* [EXERCISE PROMPT] Transcribe all of the data verbatim, please, and leave out its pictures.

* [EXERCISE DATA]
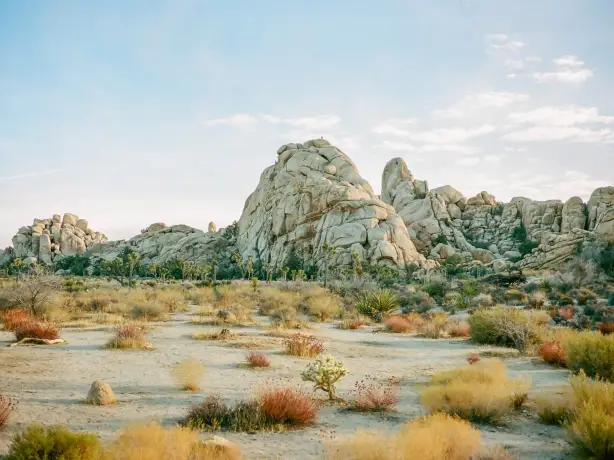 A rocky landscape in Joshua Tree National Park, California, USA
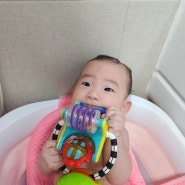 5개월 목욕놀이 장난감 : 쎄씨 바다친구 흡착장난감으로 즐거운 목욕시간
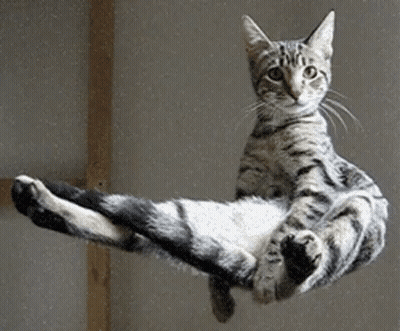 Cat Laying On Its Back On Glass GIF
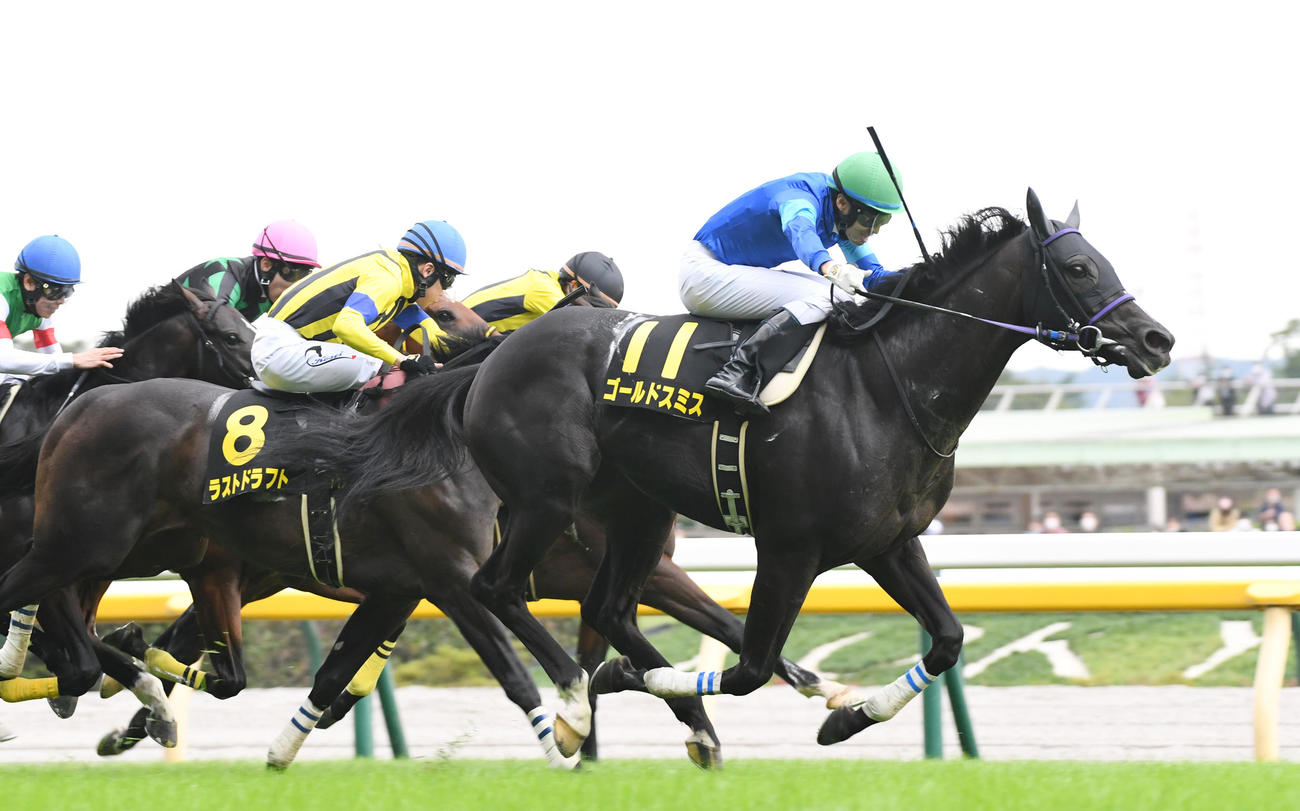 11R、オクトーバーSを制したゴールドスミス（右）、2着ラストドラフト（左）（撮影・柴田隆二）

* [TASK ANSWER]
 A rocky landscape in Joshua Tree National Park, California, USA
 5개월 목욕놀이 장난감 : 쎄씨 바다친구 흡착장난감으로 즐거운 목욕시간
 Cat Laying On Its Back On Glass GIF
 11R、オクトーバーSを制したゴールドスミス（右）、2着ラストドラフト（左）（撮影・柴田隆二）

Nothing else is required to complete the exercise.